# '14 Ranger 570 crew



## FuriousJ (Jun 14, 2014)

Whatsup guys. New guy here to the forum. Just wanted to show off my 570 crew and it's transformation since I bought it back in January.

















After 2.5" lift and put some OMF beadlocks & EDL's

























New windshield, custom top, 14" hd2's wrapped in 29.5" outlaw 2's and outkast Fabworx forward a arms to finish her up! 
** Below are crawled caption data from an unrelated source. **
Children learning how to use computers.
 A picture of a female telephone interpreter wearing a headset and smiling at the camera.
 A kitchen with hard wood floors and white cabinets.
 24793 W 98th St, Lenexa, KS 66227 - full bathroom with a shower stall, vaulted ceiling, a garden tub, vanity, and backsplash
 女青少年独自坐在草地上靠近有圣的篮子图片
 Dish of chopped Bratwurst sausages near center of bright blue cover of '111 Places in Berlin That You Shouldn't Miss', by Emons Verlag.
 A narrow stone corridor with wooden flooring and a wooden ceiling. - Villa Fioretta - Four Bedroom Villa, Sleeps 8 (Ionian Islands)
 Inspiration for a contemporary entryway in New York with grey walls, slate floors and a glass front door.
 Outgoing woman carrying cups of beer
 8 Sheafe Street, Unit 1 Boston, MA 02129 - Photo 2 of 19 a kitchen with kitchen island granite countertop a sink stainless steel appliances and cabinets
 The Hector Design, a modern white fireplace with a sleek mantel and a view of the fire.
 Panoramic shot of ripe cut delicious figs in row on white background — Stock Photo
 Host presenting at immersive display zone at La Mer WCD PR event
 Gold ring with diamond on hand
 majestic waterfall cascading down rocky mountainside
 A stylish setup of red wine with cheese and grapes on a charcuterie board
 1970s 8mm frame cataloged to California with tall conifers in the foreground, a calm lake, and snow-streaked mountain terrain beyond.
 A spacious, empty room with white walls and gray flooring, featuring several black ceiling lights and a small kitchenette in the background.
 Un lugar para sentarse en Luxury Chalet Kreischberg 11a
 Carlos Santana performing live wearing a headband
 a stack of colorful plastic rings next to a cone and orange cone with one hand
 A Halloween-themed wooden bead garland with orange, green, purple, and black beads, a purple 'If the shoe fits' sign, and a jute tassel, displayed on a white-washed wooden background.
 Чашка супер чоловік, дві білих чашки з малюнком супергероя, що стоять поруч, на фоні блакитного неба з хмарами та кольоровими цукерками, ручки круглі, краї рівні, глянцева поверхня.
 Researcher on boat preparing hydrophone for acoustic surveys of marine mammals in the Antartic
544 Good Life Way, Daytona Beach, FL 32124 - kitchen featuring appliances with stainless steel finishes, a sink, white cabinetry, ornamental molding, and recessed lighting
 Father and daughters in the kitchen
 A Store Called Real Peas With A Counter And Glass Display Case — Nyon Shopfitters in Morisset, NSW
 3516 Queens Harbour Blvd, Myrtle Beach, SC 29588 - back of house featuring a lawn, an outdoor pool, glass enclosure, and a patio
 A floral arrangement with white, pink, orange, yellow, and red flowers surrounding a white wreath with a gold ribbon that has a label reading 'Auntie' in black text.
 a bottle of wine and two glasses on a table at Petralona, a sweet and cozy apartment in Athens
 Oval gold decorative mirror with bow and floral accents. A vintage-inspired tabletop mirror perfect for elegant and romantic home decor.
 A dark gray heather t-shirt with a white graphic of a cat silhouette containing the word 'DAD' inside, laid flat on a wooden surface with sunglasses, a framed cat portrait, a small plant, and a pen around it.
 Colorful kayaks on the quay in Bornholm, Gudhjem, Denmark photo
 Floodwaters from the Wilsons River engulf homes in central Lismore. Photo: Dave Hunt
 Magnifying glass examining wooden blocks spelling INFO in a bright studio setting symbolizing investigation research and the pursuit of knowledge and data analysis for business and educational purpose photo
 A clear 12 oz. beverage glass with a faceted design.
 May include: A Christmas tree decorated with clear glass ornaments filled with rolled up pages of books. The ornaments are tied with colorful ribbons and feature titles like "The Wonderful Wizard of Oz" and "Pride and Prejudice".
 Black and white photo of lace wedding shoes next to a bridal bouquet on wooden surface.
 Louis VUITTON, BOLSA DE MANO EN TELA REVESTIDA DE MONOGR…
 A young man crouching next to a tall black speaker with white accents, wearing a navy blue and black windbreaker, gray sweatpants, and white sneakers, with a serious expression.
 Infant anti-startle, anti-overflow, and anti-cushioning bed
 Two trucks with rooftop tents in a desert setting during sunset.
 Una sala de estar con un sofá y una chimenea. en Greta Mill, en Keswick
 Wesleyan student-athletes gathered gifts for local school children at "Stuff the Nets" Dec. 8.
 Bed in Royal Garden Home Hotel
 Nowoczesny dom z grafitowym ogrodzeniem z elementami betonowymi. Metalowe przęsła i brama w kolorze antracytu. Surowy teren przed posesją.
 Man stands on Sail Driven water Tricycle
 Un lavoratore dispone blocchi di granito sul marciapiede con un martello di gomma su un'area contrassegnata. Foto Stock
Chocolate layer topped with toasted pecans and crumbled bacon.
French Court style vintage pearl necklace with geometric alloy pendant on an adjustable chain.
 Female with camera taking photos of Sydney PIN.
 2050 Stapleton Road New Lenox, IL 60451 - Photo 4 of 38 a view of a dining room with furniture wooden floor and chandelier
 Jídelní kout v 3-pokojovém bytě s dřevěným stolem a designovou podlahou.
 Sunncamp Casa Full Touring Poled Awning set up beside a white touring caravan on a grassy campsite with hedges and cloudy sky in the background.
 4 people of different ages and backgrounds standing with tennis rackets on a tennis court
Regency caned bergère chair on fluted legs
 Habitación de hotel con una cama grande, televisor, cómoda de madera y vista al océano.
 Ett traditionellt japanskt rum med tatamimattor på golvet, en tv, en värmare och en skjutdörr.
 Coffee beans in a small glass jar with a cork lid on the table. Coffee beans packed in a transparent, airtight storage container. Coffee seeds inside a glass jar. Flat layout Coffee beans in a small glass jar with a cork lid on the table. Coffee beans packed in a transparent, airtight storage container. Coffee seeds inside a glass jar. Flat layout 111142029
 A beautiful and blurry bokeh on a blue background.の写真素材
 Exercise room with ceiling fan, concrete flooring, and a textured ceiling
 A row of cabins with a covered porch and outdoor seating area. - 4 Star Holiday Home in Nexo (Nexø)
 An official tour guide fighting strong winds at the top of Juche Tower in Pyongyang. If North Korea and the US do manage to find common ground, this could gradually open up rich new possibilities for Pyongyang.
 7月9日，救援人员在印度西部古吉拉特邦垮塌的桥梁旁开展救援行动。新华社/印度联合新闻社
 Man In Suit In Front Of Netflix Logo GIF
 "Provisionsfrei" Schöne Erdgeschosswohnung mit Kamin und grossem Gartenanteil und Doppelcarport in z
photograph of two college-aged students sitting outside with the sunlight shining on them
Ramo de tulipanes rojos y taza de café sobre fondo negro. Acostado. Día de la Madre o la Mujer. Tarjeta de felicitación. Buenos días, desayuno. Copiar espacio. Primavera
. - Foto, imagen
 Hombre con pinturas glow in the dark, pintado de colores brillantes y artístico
Sent from my iPhone using Tapatalk


----------



## 2010Bruterider (Jun 20, 2010)

Very nice. It's come together pretty good.


----------



## Polaris425 (Dec 16, 2004)

Sick!


Posted via TapaTalk for iPhone5


----------



## FuriousJ (Jun 14, 2014)

Thanks guys! I just wish I had more time to go on some rides!!!


----------



## adamwedge (Jan 4, 2014)

Nice. Those beadlocks were badass. You ride at shiloh?


----------



## FuriousJ (Jun 14, 2014)

adamwedge said:


> Nice. Those beadlocks were badass. You ride at shiloh?


 
Yea I love those beadlocks! Its just hard to find a tire wide enough for the rears. They're actually for sale as well.

Yea we actually go to shiloh alot since it closer to us, but Sabine ATV is first choice as its just as far.

One more shot lol


----------



## adamwedge (Jan 4, 2014)

Nice. Looks mean! Where are you out of?


----------



## FuriousJ (Jun 14, 2014)

Lufkin/Huntington,Tx


----------